Appuntamento, nella settimana tra il 18 e il 25 febbraio, a Lugano (TI) o dintorni, si terrà un birretta-meeting all'insegna.. di no'antri..  :Very Happy: 

Per il momento siamo io e Jecko_Hee.. si pregano lorsignori ticinesi e non (studiosi a friborgo inclusi... fedeliallalinea..  :Razz:  ) di partecipare a tale evento!  :Cool: 

Fatemi sapere anche se c'é una preferenza per che sera trovarci..

Ciao

Anb

----------

## Yans

ciao anborn io sarei disponibile   :Smile: 

----------

## Cecrope

fico..io abito vicino a Ponte trresa...magari.......

----------

## anborn

 *Cecrope wrote:*   

> fico..io abito vicino a Ponte trresa...magari.......

 

togli il "magari"  :Very Happy: 

Che sera preferireste della settimana 18-25 ?

Anb

----------

## Cecrope

indifferente..fate voi.......di dove sei????magari potresti aiutami a finire l'installazione di Gentoo che mi sta assillando.. :Smile: ))

----------

## Jecko_Hee

 *anborn wrote:*   

> 
> 
> Che sera preferireste della settimana 18-25 ?
> 
> 

 

Io preferisco il giovedì, ma se qualcuno è impossibilitato, posso anche un'altra sera.

----------

## shev

Se quando avete data/ora/luogo precisi volete mettere una news sul sito del Gechi ditelo pure, alla fine qualche geco mi pare ci sia ed eventuali curiosi potrebbero aggiungersi a voi  :Wink: 

----------

## pelon's

ci sono anche io .... non ho preferenze di giorni ... qualsiasi sera va benone!! 

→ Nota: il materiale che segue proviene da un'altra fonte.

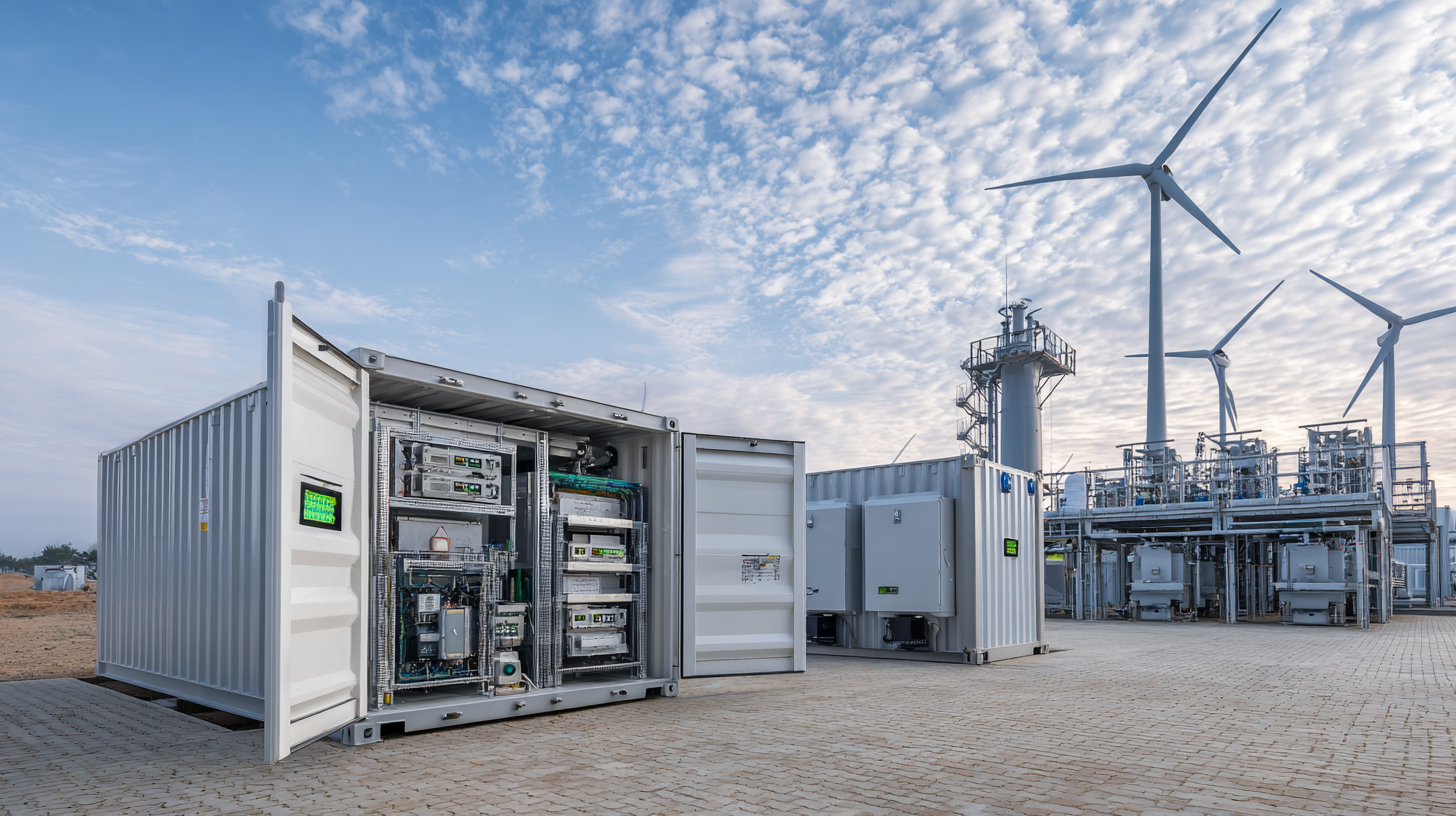 Innovative Energy Solutions: Transforming Sustainability for a Greener Future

.... dite solo dove e quando!!!!  

 :Cool: 

----------

## anborn

 *Shev wrote:*   

> Se quando avete data/ora/luogo precisi volete mettere una news sul sito del Gechi ditelo pure, alla fine qualche geco mi pare ci sia ed eventuali curiosi potrebbero aggiungersi a voi

 

Grazie dell'appoggio, capo..  :Cool:   :Very Happy: 

Allora.. vedo che qualcuno interessato c'è, quindi.. decidiamo ora/posto/luogo, cosí passiamo subito le info a Shev che le mette sul sito del GeCHI.

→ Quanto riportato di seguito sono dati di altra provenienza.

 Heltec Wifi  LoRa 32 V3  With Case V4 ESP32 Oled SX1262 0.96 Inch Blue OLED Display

Jecko ha proposto, se ho capito bene in modo non vincolante, Giovedí.

A me andrebbe bene.. quindi attendo eventuali "non posso", in caso contrario.. sarà Giovedí 19.

Come ora.. io propongo le 18:15, in modo che ci facciamo un bell'aperitivo e, chi ha voglia e tempo, anche una cenetta.

Come luogo: io propongo Lugano.. IMHO è abbastanza "a metà" tra tutti (vedo gente di Ponte Tresa come di Bellinzona... quindi..). Anche qui attendo vostre proposte alternative e/o conferme.

Ciao

Anb

----------

## anborn

Up!

..chiedo scusa ai moderatori per il gesto poco sportivo.. ma c'é bisogno che questo topic stia là in alto, se dev'essere ben visibile a tutti i potenziali interessati...

Anb

----------

## fedeliallalinea

Io giovedi' ci sarei fino alle 8 poi devo andare a una cena e a carnevale a festeggiare la fine degli esami  :Very Happy:  .

----------

## anborn

 *fedeliallalinea wrote:*   

> a carnevale a festeggiare la fine degli esami 

 

..Grrrr...  :Evil or Very Mad:   ...beato te...   :Sad: 

 *fedeliallalinea wrote:*   

> Io giovedi' ci sarei fino alle 8

 

Possiamo spostarlo ad un altro giorno.. l'unico che ha espresso una preferenza x giovedì é Jecko_Hee... ma ha detto:  *Jecko_Hee wrote:*   

> Io preferisco il giovedì, ma se qualcuno è impossibilitato, posso anche un'altra sera.

 

Quindi.. proponi pure un altro giorno.. gli altri han detto tutti che si adeguano e che non hanno problemi...

Anb

PS= Ragazzi.. se qualcun'altro ha problemi.. che si faccia sentire!

----------

## anborn

Tiriamo un po' le fila di questo topic-appuntamento:

Le specifiche fin'ora proposte (da me) sono:

Giovedì 19, h. 18:15, a Lugano

Quindi vi prego,  se {non vi va bene | non ci potete essere | quant'altro} postate PROPONENDO un'alternativa  (al giorno, al luogo o all'ora).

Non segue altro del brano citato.